Me Frédérique Le Berre a rappelé que la convention internationale CLC 92 sur les dommages dus à la pollution par les hydrocarbures ne visait que le propriétaire du navire. Ainsi, l’action en réparation ne peut être intentée, en cas de faute inexcusable, que contre les affréteurs, armateurs, pilotes ou leurs préposés, ce qui n’est pas le cas de la société de classification signataire, avec le propriétaire de l’Erika, d’un contrat de prestation de service. En examinant la jurisprudence américaine et celle d’autres États, elle a également estimé que le préjudice écologique invoqué devait correspondre au coût de la remise en état d’un lieu donné.
De son côté, Me Engelsen est revenu sur la visite d’Augusta et le reproche adressé à M. Alga, responsable de l’inspection, d’avoir laissé le navire reprendre la mer, malgré son état. Il a fait observer que, selon la convention Solas, la visite annuelle ne consiste qu’en une visite générale de la structure alors que la visite spéciale, tous les cinq ans, repose sur une inspection complète. Il a reconnu que M. Alga avait observé de la rouille, mais sur des éléments de renfort et non sur les structures.

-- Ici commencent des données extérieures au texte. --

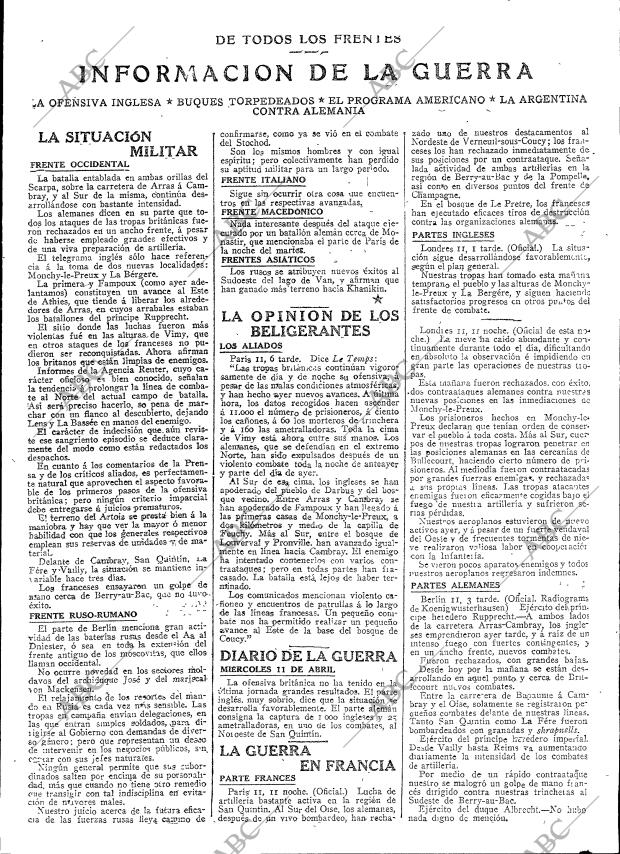 ABC MADRID 12-04-1917 página 9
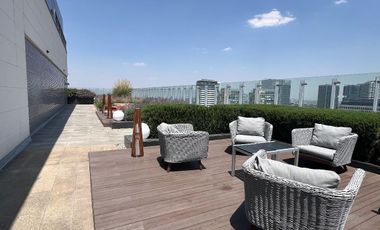 RENTA Departamento Amueblado en Latitud Polanco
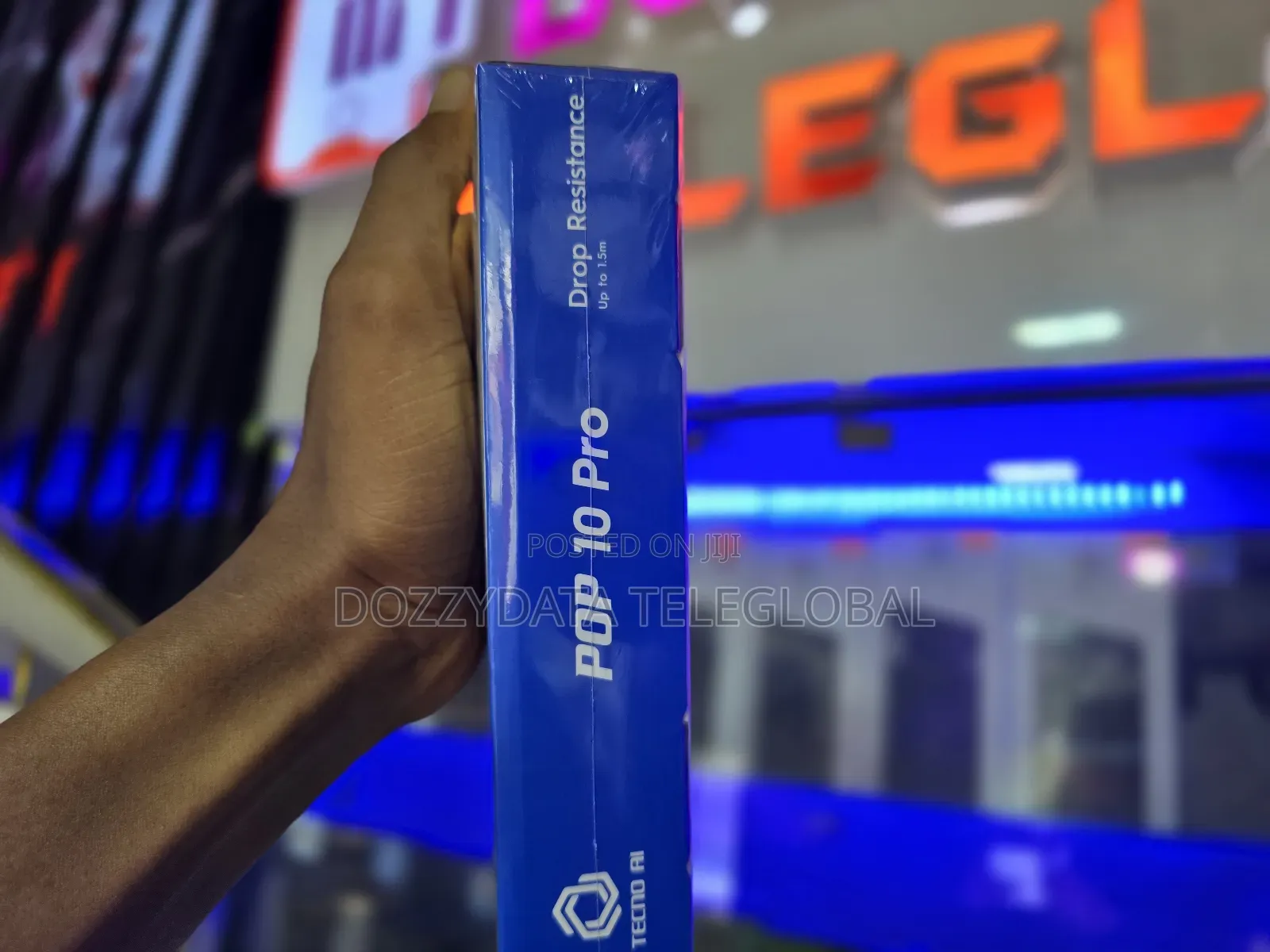 New Tecno Pop 10 128 GB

UNE FAUTE REPOUSSÉE SUR LE COMMANDANT MATHUR
Selon lui, la corrosion n’avait rien d’anormal sur un navire de cet âge. Elle ne pouvait à elle seule causer le naufrage. Passant en revue les différentes analyses et conclusions des experts qui se sont succédé, il a estimé qu’aucune n’était convaincante et a exposé de nouveau la thèse du Rina sur l’oxydation de la zone de la marque de "remorquage" qui se serait transformée en fissure après le départ de Dunkerque.
Il a dénoncé le comportement inadapté du commandant Mathur et accusé le comité d’experts de Dunkerque d’avoir distordu la vérité, caché des pièces et refusé des compléments d’expertise.
Il a souligné, en conclusion, que les infractions de pollution et de mise en danger de la vie d’autrui manquaient de fondements techniques, demandant en conséquence la relaxe pour son client Gianpierro Ponasso, le directeur du Rina.
Me Olivier Metzner, lui, est revenu sur l’immunité dont jouirait le Rina en tant que délégataire de l’État de Malte, pour ce qui concerne la certification du navire (et non pour la classification qui est elle une activité privée). Puis il a fait remarquer que le Rina, société par actions n’existait que depuis le 1er août 1999, en conséquence, tous les actes commis avant cette date étaient le fait du registre italien. "J’accepte la continuité au civil, mais pas au pénal", a-t-il souligné. "Une poursuite ne peut être menée contre une société qui n’existait pas encore."
En ce qui concerne le chef de "mise en danger de la vie d’autrui" constitué en présence d’une "violation manifestement délibérée d’une obligation particulière de sécurité ou de prudence imposée par la loi ou le règlement" selon l’article 223-1 du Code pénal, Me Metzner a déclaré ne pas savoir quel texte concernant la classification était visé par la prévention. Il a réclamé en conséquence la relaxe pour le Rina et son directeur, Gianpierro Ponasso.